Taking the line with "CAT 9X5924 part 1" as the first, copy every line through the end of the records below exactly. Do not include pictures.

*Dataset records*
"""

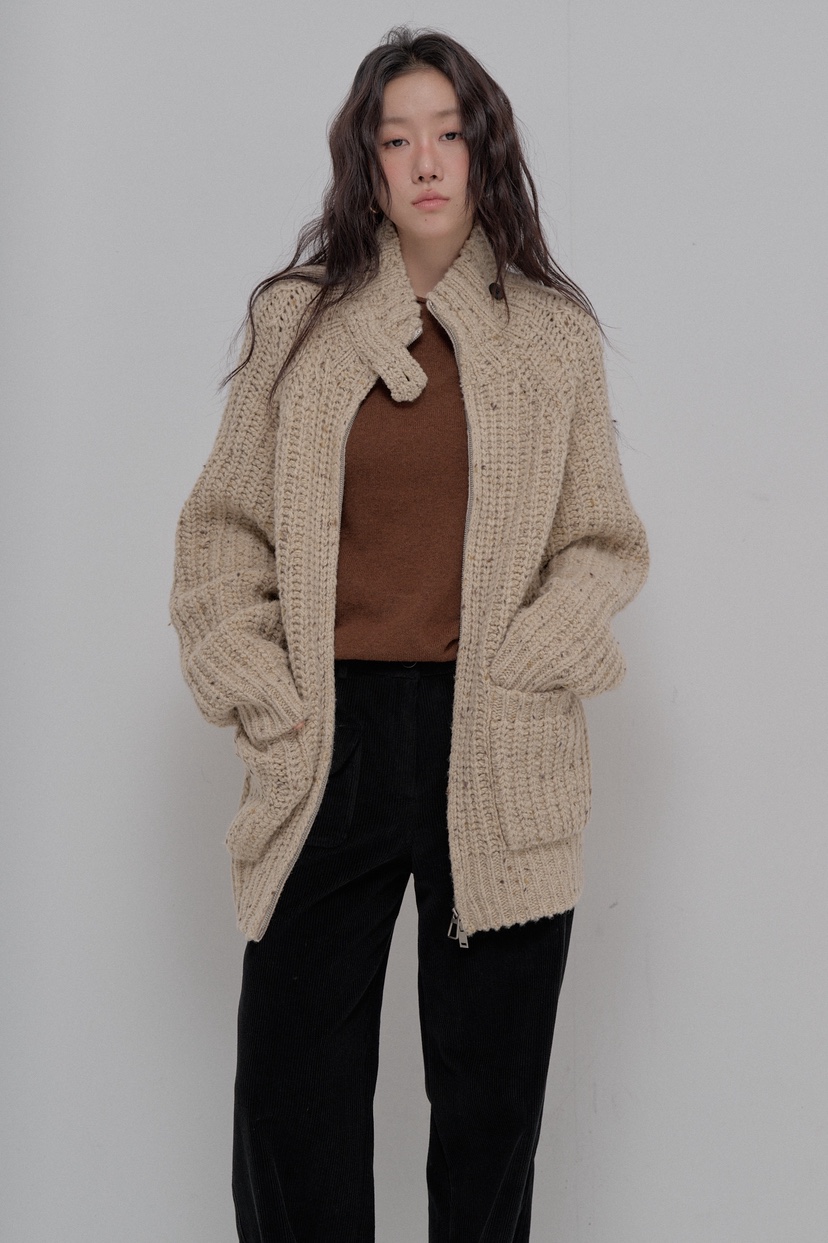 ATHEA韓國代購㊣女士新品熱賣推薦25秋冬職業時尚人氣休閑毛衣ATHEA毛衣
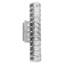 Gehlen 15 "CCT WLMT-AGB-494304051
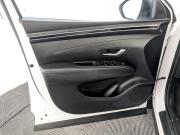 Hyundai Tucson IV Москва  - изображение 49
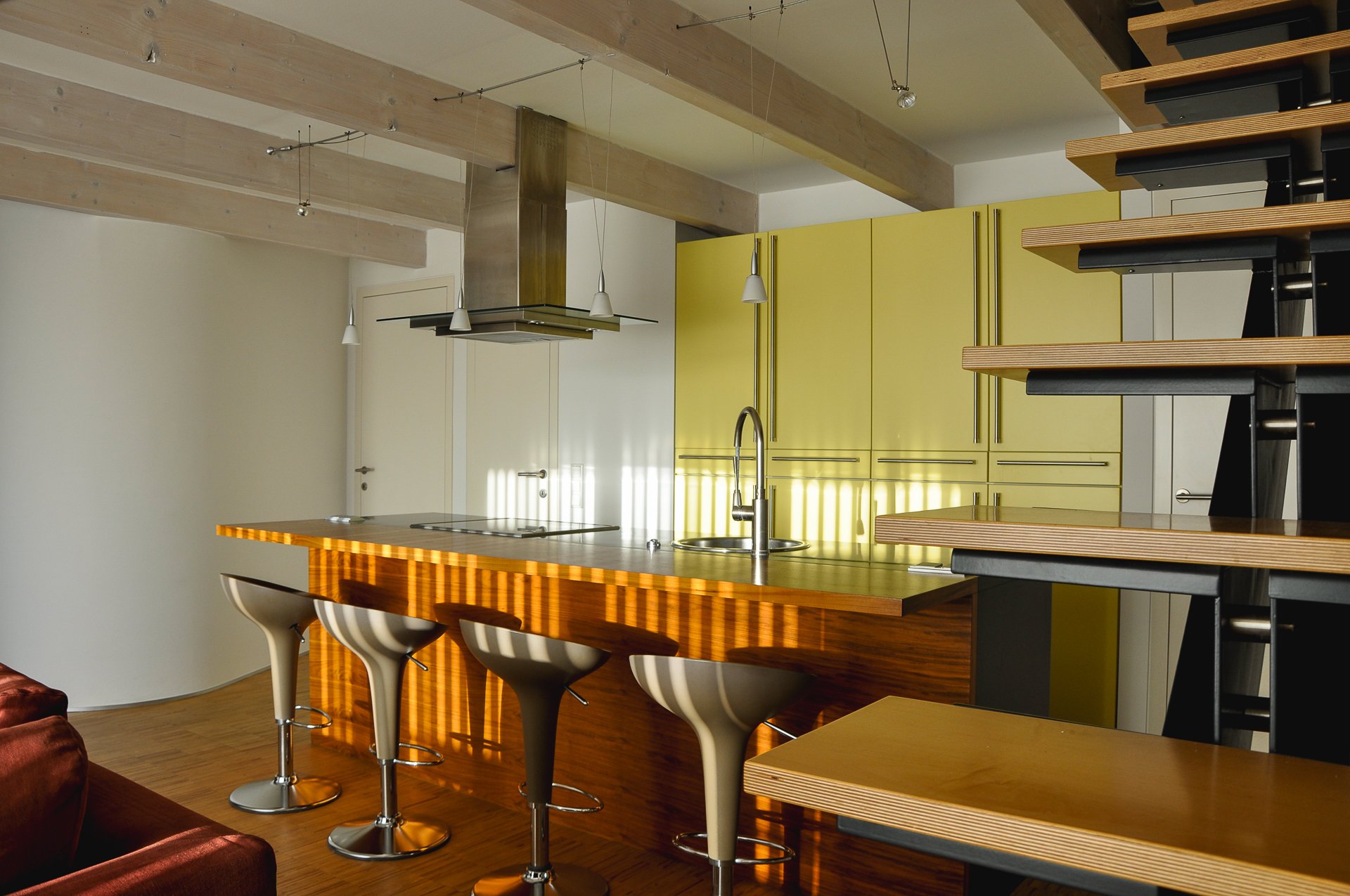 Tribondeau Immobilien_02.26 web-42.jpg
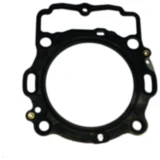 Zylinderkopfdichtung Athena passend für: Husqvarna FE, FC, FS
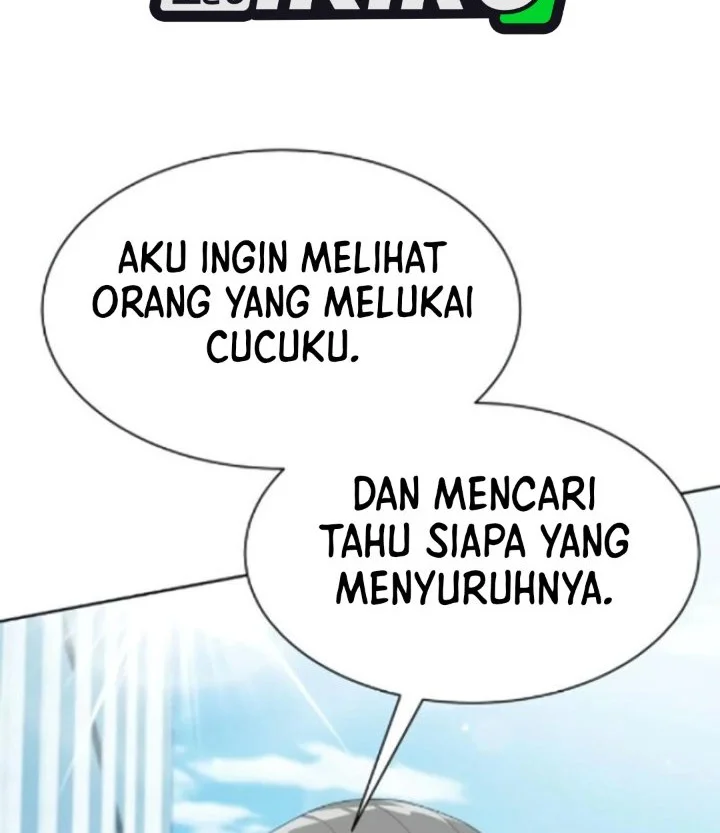 Chapter 129 - halaman 77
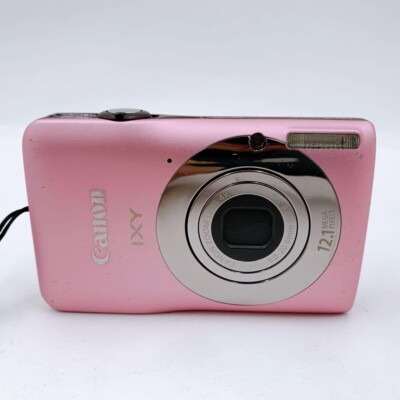 s-l400.jpg s-l400.jpg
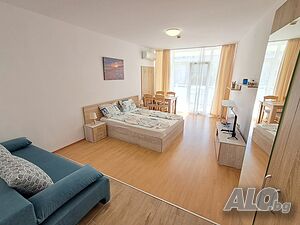 image_3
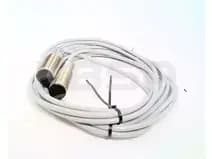 Pepperl+Fuchs OBE10M-18GM60-SE5 Pepperl+Fuchs OBE10M-18GM60-SE5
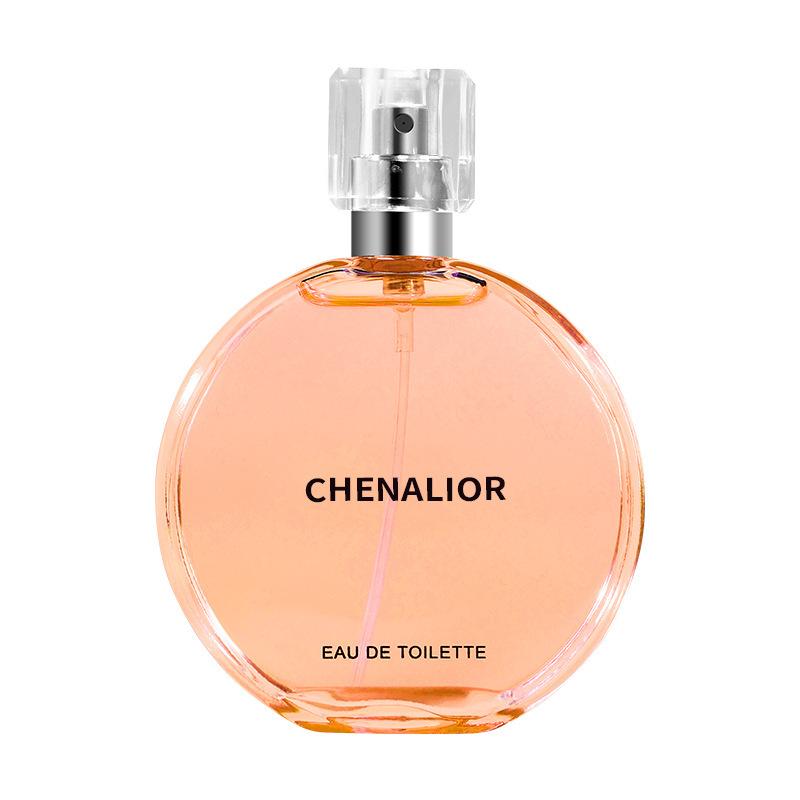 Нежность Встреча Духи Дамы Стойкий Легкий Аромат Студентка Свежий и Натуральный 50мл 2690₽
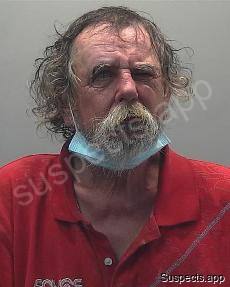 Wrensch, John Richard Jr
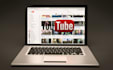 do voice over for your youtube video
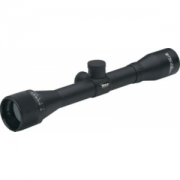 BSA Air Gun Scopes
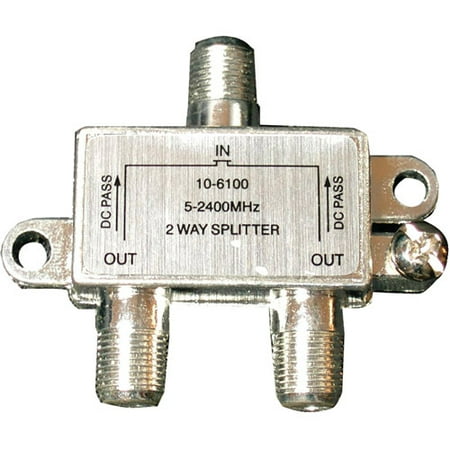 5ddb524f 16d4 49e6 8d86 773080a8bf83 1.6bf494b5476643c2c5b1131a702b65d9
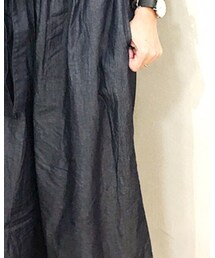 ohana | その他パンツ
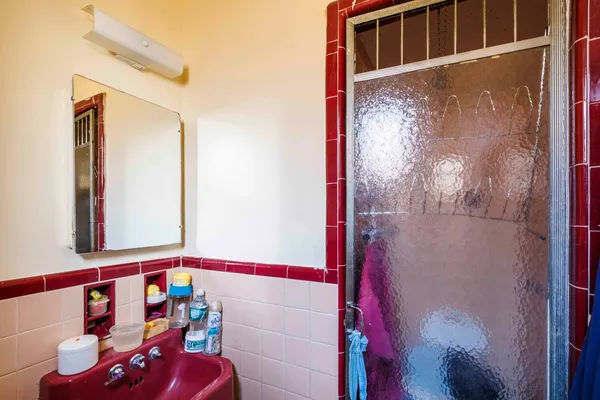 $235,000 | 860 Grand Concourse, Unit 7F | Concourse Village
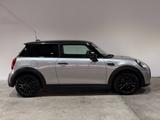 MINI Cooper Essential Trim STEP*LED*DIGITAL*SHZ*PDC* - gebrauchte MINI MINI aus dem Jahr 2024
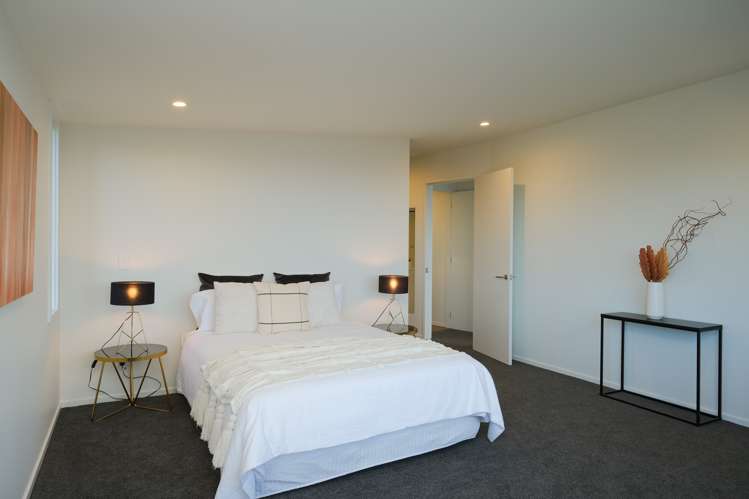 18 Selkirk Street Roslyn_9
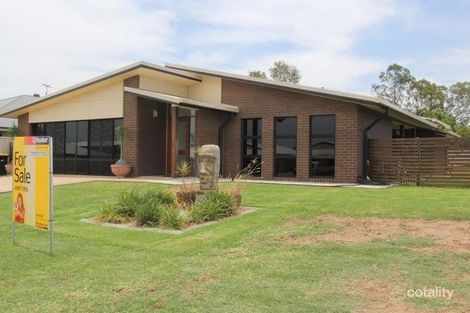 7 Charlton St, Emerald, QLD 4720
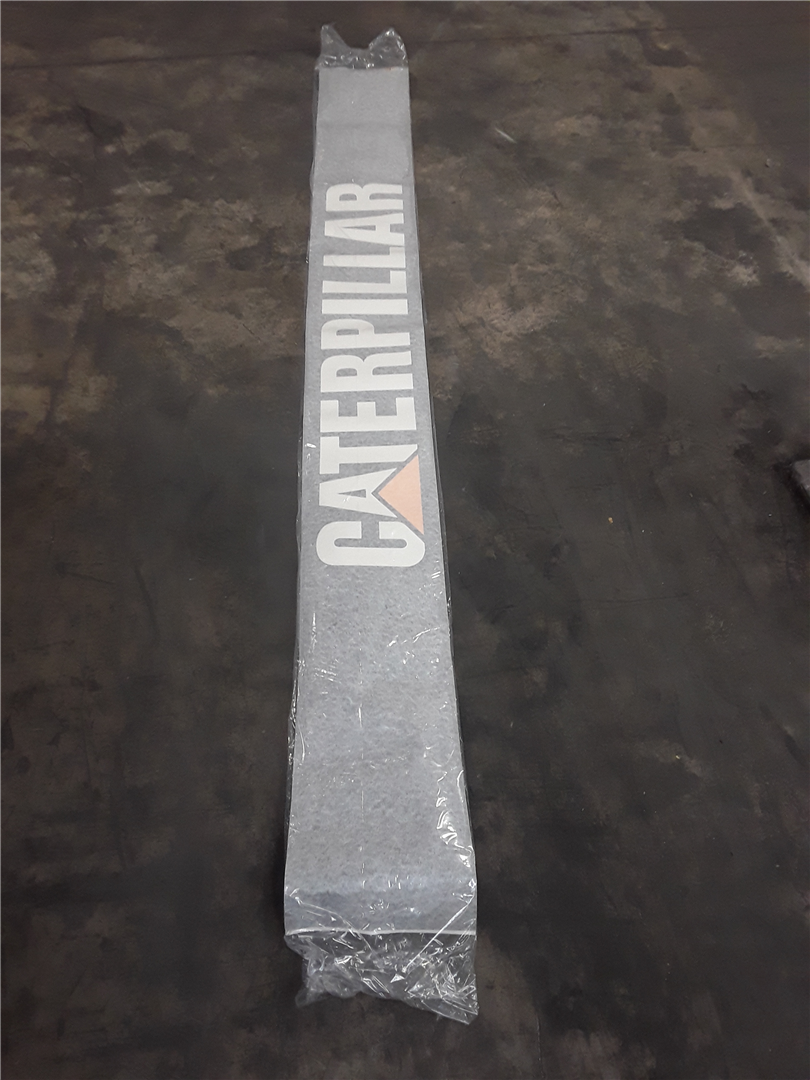 CAT 9X5924 part 1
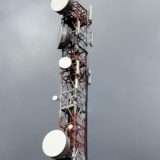 Digitale terrestre: il DVB-T2 produce più inquinamento elettromagnetico?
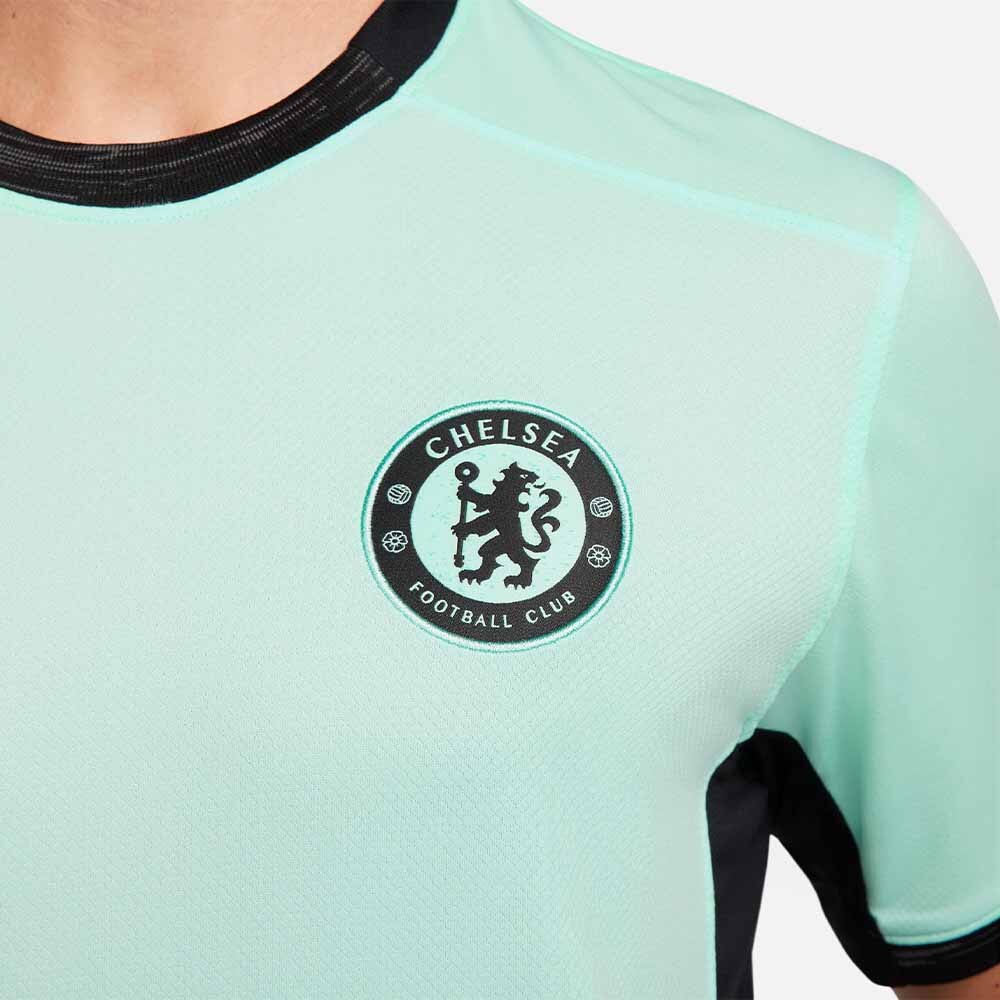 Nike Chelsea Fotballdrakt 23/24 3rd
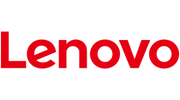 logo lenovo, clic17, clic 17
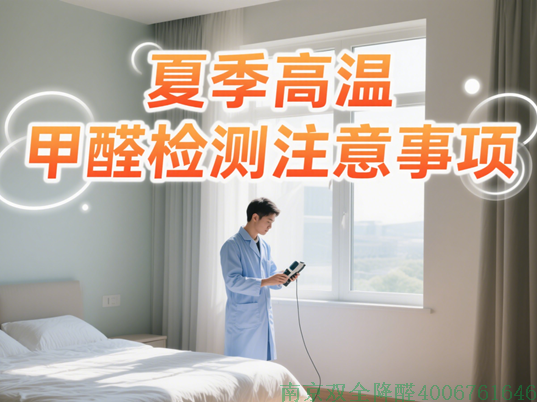 夏季甲醛檢測及 SEO 文章 (1).png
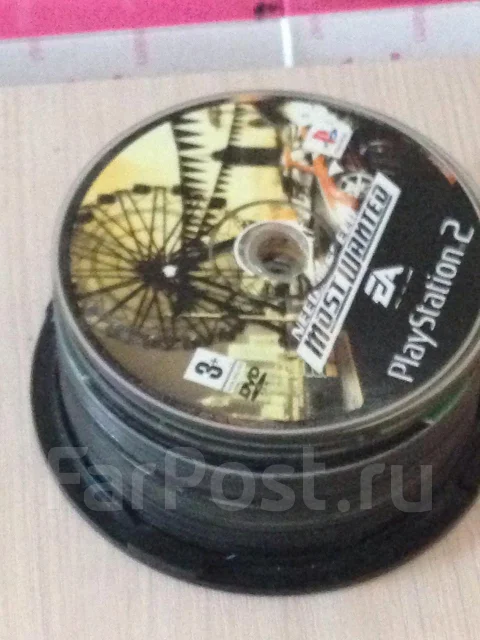 Sony PlayStation 2 Slim ����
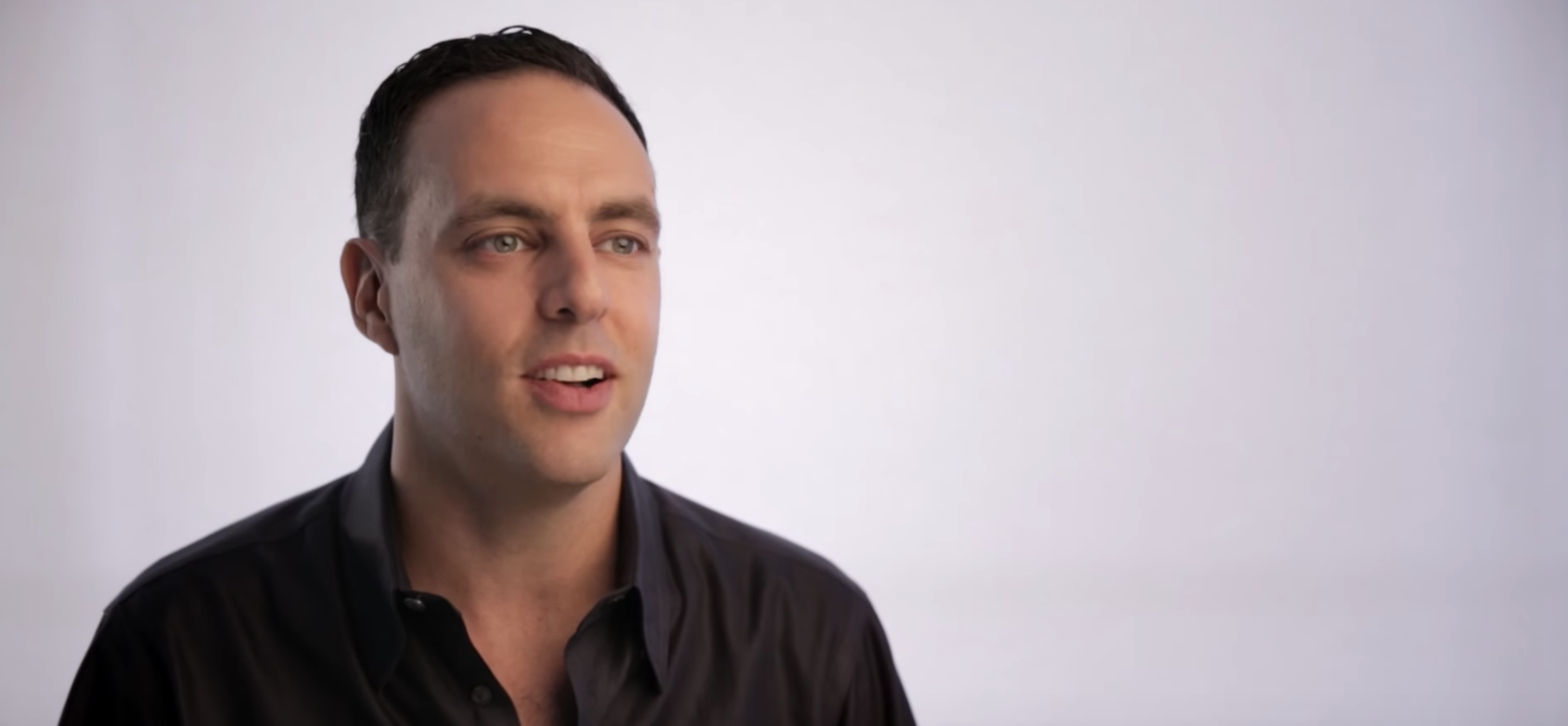 fnToronto Roundtable ft Yoav Schwartz CEO & Co-founder, Uberflip — in Toronto — Founders Network event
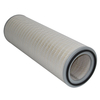 Cellulose Air Filter Cartridge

"""

*SOLUTION*
 CAT 9X5924 part 1
 Digitale terrestre: il DVB-T2 produce più inquinamento elettromagnetico?
 Nike Chelsea Fotballdrakt 23/24 3rd
 logo lenovo, clic17, clic 17
 夏季甲醛檢測及 SEO 文章 (1).png
 Sony PlayStation 2 Slim ����
 fnToronto Roundtable ft Yoav Schwartz CEO & Co-founder, Uberflip — in Toronto — Founders Network event
 Cellulose Air Filter Cartridge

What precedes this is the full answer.